Compare and Contrast

I spent the day wandering around the city some more, with slightly more purpose than before. My mission: find a relatively affordable grocery store. And I had a small side mission: to find an office supply store. First I went to OfficeWorks, which is the equivalent of Staples or Office Depot. I was quite successful there. This was the second of many stores I  found that had their front door on the street level, but you immediately walked into a set of stairs (or an escalator) that whisked you down. There’s practically a whole underground network of stores and food courts. Then I wandered into another store or two and decided I should give Target another chance, since they’ve been so good to me back home. I was semi-successful there. At first I was thinking that it was just the name brand stores in the heart of the city that were really expensive, but as I continued my search through the day, I’m beginning to think that these prices are the norm. A number of people had told me before I left that everything was more expensive in Australia, but I didn’t want to believe them (cause who wants to pay more money than they are already required to?) But it may just be something I have to come to grips with, unless the holy grail decides to show itself. I did however come across a restaurant called “That Schnitzel Place”, so of course I had to go in and try it. I got the BLT Sandwich, and it was delicious. And it lasted me for both lunch and dinner, which is a plus. In the end, I did find a grocery store a few blocks away from my apartment, in the opposite direction  from the city. I walked through this little neighborhood which was either cute and quaint, or super sketchy. I think I decided it was quaint…? Either way, I got what I needed for the time being, and hopefully a better solution will show itself to me sometime in the near future.

And now on to the compare and contrast portion. The biggest thing I learned today (because it happened frequently) is that in Australia, both debit and credit cards have pin numbers instead of signing for the card. And of course I was paying for everything with my credit card.
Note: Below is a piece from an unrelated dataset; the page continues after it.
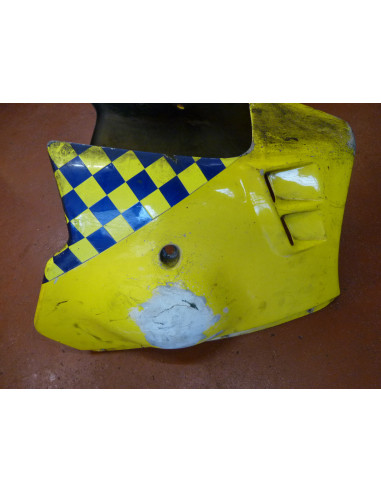Sabot fibre GSXR 750-1100 88-92  - 10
In addition, it’s not just debit or credit, but the debit has the option of being savings or checking as well. Those options kept throwing me off, and then when I would say that I didn’t have a pin for the credit card it would throw them off. One nice lady at the checkout took pity on me and explained to me how their system works. (I think it was obvious that I was from ‘the States’ as they call it) Another interesting thing is that there are McDonalds and Subways everywhere, along with the slightly less frequent Starbucks and KFC. In my brain those are American chains, but it shouldn’t surprise me that they would be popular in other countries as well. (I knew that many of them were global, I just didn’t expect to see them this prevalent). On the same note, they have what they call Hungry Jack’s, which is the Australian owned franchise of Burger King. Another thing that surprised me was the TV and media in general. They air a lot of American TV and sometimes commercials. And they have all of our American movies, but they come to their theaters a few months later than they do to ours. So for example, Grudge Match (which came out in December in the US) wont be out here until the end of January. I wandered into a JB Hi-Fi, which is like a Best Buy, and they had copious amounts of american movies and television, and they had about equally as much British media. And in addition to all of that, they had their own Australian Tv and movies. It was a little bit mind blowing.

I’m sure that there are many more things that are similar and different, but that’s all I’ve got for now. When I come across some more, I’ll let ya’ll know.